During the Great Depression, the WPA built a public school at Jumbo. The school was built using native "red rock" gathered from nearby fields. The school still partially stands, although the back half was bulldozed during the 1990s by a local landowner for safety reasons, who cleared the land for cattle to graze.

Jumbo's Impson family cemetery grave markers have been lost. Immediately prior to World War II, a local farmer gathered the tombstones, stacked them under a tree, and ploughed the property for use as a field. The property today is overgrown with bois d'arc trees and difficult to access.

During World War II, Jumbo and Moyers were the site of mishaps with international repercussions, two of them fatal. British pilots operating from a Royal Air Force base in Texas, hampered by poor weather, crashed into White Rock Mountain and Big Mountain above Moyers, killing four crewmen. Two planes were destroyed.

A third plane crash-landed successfully at Jumbo, in a field known locally as the Bedford meadow, owned by farmer and rancher Bill Perrin. Its pilot, John Wall, and navigator, "Wilbur" Wright, were unhurt and were kept overnight by a local family, Mr. and Mrs. E.F. Jordan. British military officers soon retrieved the airplane, which was salvageable.

On February 20, 2000 the AT6 Monument was dedicated in the fliers' honor at the crash site on Big Mountain. Wall and Wright also attended, and had a happy reunion with the Perrin family. Over 1,000 people attended the ceremony, and the story was carried by the BBC and many newspapers around the world.

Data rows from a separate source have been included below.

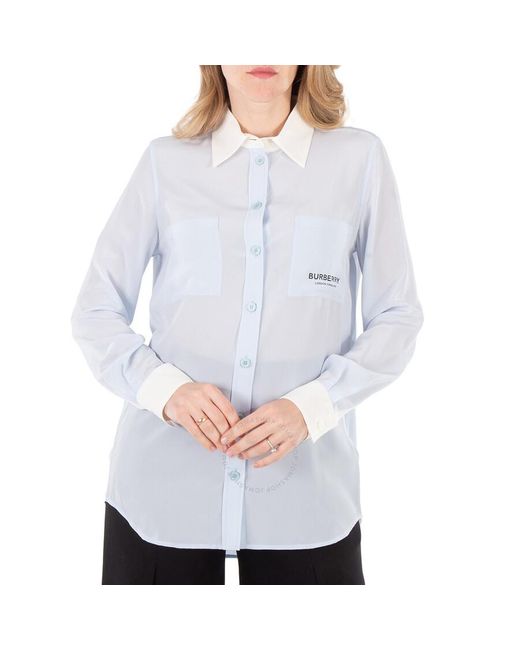 Burberry Blue Anette Contrast Trim Silk Shirt, Brand Size 10 Us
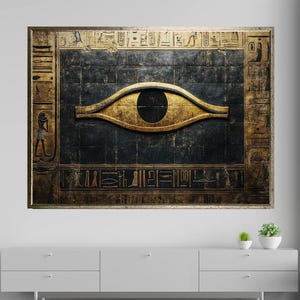 Goldenes Horus Auge Relief Print, Luxus ägyptische Leinwand Wandkunst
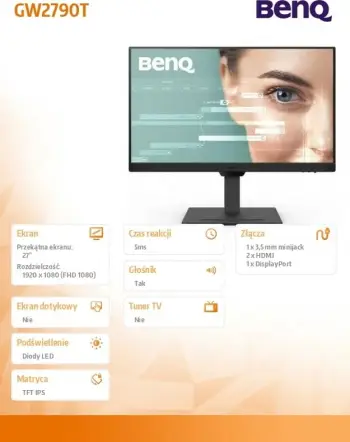 Monitor BenQ GW2790T, 27”, FHD, IPS, i zi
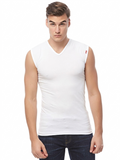 COTTONIL Men's Cotton Stretch V-Neck Cut Top Undershirt - White
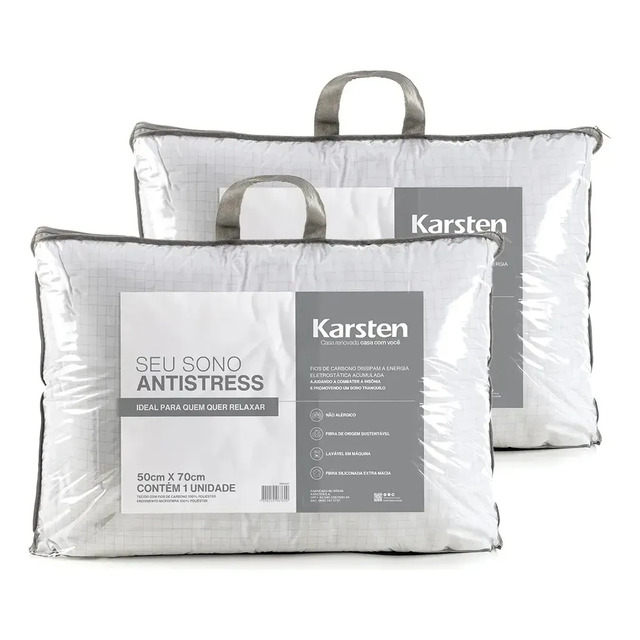 Kit 2 Travesseiros Antialérgico 50x70cm Hotelaria Karsten Branco Kit 2 Travesseiros Antialérgico 50x70cm Hotelaria Karsten Branco
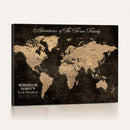 Personalized Push Pin World Map Canvas Print – Custom Framed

More information on Jumbo and the Impson Valley may be found in the Pushmataha County Historical Society.

== Geography ==

Jumbo is located in the picturesque Impson Valley. Buck Creek and Box Springs mountains frame the eastern side of its valley, and Long Mountain frames the western side. In recent years the territory to the west of Jumbo has been incorporated into McGee Creek State Park, particularly the area of Wildcat and Bugaboo canyons.

== Transportation ==

Despite improvements in the local roadways, Jumbo remains physically isolated from other communities in Pushmataha and Atoka counties. This is ironic, as the four-lane Indian Nation Turnpike was built through Impson Valley, passing just to the east of the community, and opened in 1970. It features no interchange for Jumbo, however, causing local residents to venture to Daisy on the north to enter or exit the turnpike.